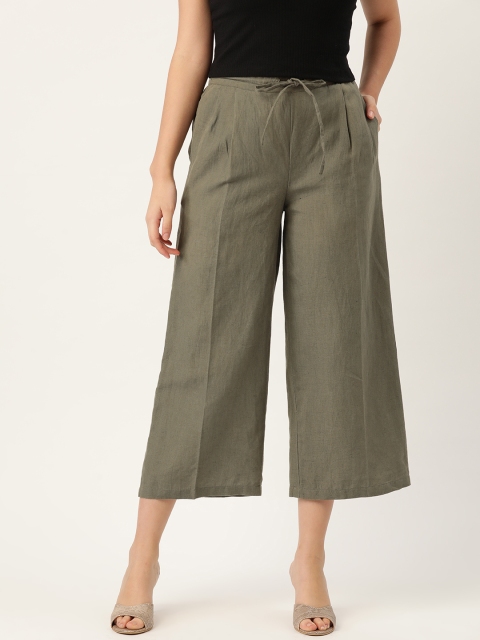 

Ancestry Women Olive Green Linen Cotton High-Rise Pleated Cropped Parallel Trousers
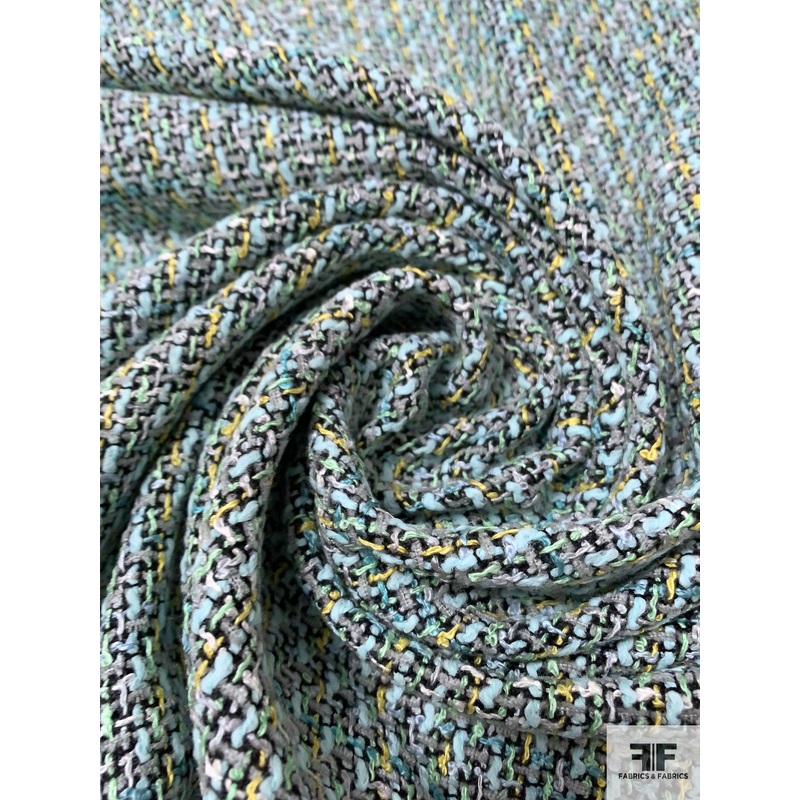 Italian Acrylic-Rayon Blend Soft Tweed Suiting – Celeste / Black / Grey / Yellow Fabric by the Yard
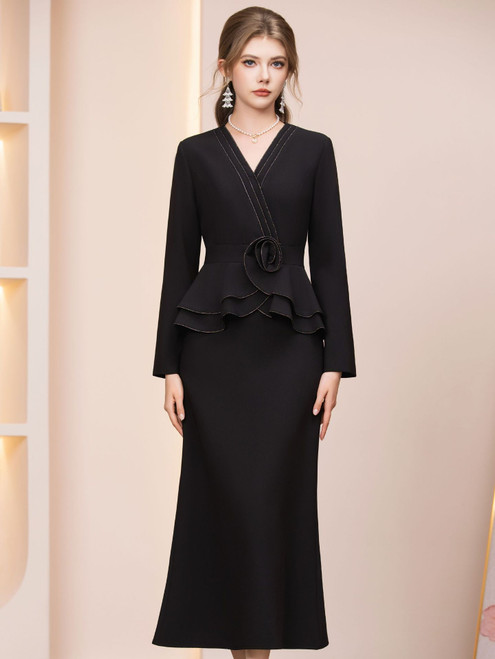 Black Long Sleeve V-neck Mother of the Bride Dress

******

**Task statement**
Repeat all of the listing above word for word, and exclude the pictures.

**Solution for this task**
Ancestry Women Olive Green Linen Cotton High-Rise Pleated Cropped Parallel Trousers
 Italian Acrylic-Rayon Blend Soft Tweed Suiting – Celeste / Black / Grey / Yellow Fabric by the Yard
 Black Long Sleeve V-neck Mother of the Bride Dress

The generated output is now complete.